VIRAL! Malaysia Mengajak China dalam Konflik Perdagangan Sawit dengan Eropa

SULUTVIRAL.COM – Malaysia akan meningkatkan ekspor minyak sawitnya ke China sebanyak 500.000 ton setiap tahun sebagai tanggapan terhadap tekanan yang dihadapi akibat pemberlakuan Undang-Undang Anti Deforestasi oleh Uni Eropa (UE). Menteri Perkebunan dan Komoditas Malaysia, Fadillah Yusof, mengungkapkan bahwa Malaysia sedang meningkatkan ekspor ke China, yang merupakan salah satu importir utama minyak sawit Malaysia. Pada tahun 2022, China telah mengimpor sekitar 3,14 juta ton minyak sawit dan produk sawit dari Malaysia.

Fadillah Yusof juga menyebut bahwa volume ekspor tersebut akan meningkat pada akhir tahun ini atau awal tahun depan dengan penambahan pembelian sebanyak 500.000 ton minyak sawit oleh China. Penambahan ini merupakan hasil dari kesepakatan antara perusahaan minyak sawit Malaysia, Sime Darby Oils International, dengan Guangxi Beibu Gulf International Port Group yang dimiliki oleh pemerintah China.

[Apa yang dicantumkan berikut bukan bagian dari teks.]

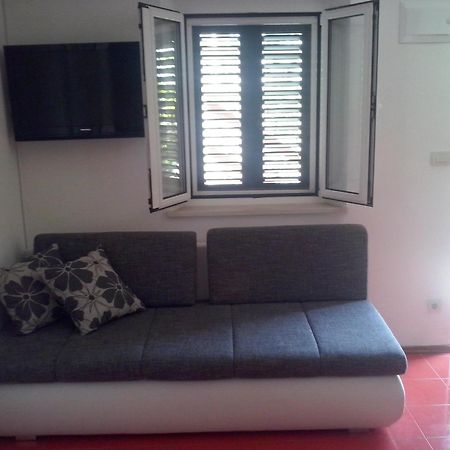 Apartments By The Sea Sumartin, Brac - 11658 객실 사진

Ia menyatakan bahwa peningkatan ini akan membantu Malaysia dalam menghadapi pembatasan yang diberlakukan oleh UE, karena China membeli produk turunan minyak sawit yang memiliki nilai tambah tinggi yang diproduksi di Malaysia.

Meskipun demikian, Fadillah Yusof menegaskan bahwa Malaysia tidak berniat untuk meninggalkan hubungan dagang dengan UE, yang merupakan importir minyak sawit Malaysia terbesar kedua setelah India. Ia menjelaskan bahwa ekspor minyak sawit Malaysia ke China diperkirakan mencapai 3,2 juta metrik ton pada tahun 2023.

Sebagai latar belakang, UE telah mengesahkan Undang-Undang Deforestasi pada Desember 2022, yang bertujuan untuk menghentikan penjualan komoditas seperti minyak sawit yang terkait dengan deforestasi. Undang-undang ini memungkinkan UE untuk memberlakukan sanksi terhadap perusahaan yang tidak mematuhi ketentuan tersebut.

Minyak sawit telah menjadi perhatian utama karena dampaknya terhadap kerusakan hutan hujan di Malaysia dan Indonesia, yang merupakan produsen utama global. Aturan UE ini telah menuai kontroversi di negara-negara produsen seperti Malaysia dan Indonesia yang memprotesnya.

Pemerintah Malaysia dan Indonesia telah melakukan lobi di Brussel terkait peraturan ini, yang akan berlaku secara penuh setelah 18 bulan untuk memberikan waktu kepada produsen untuk mematuhi ketentuan tersebut.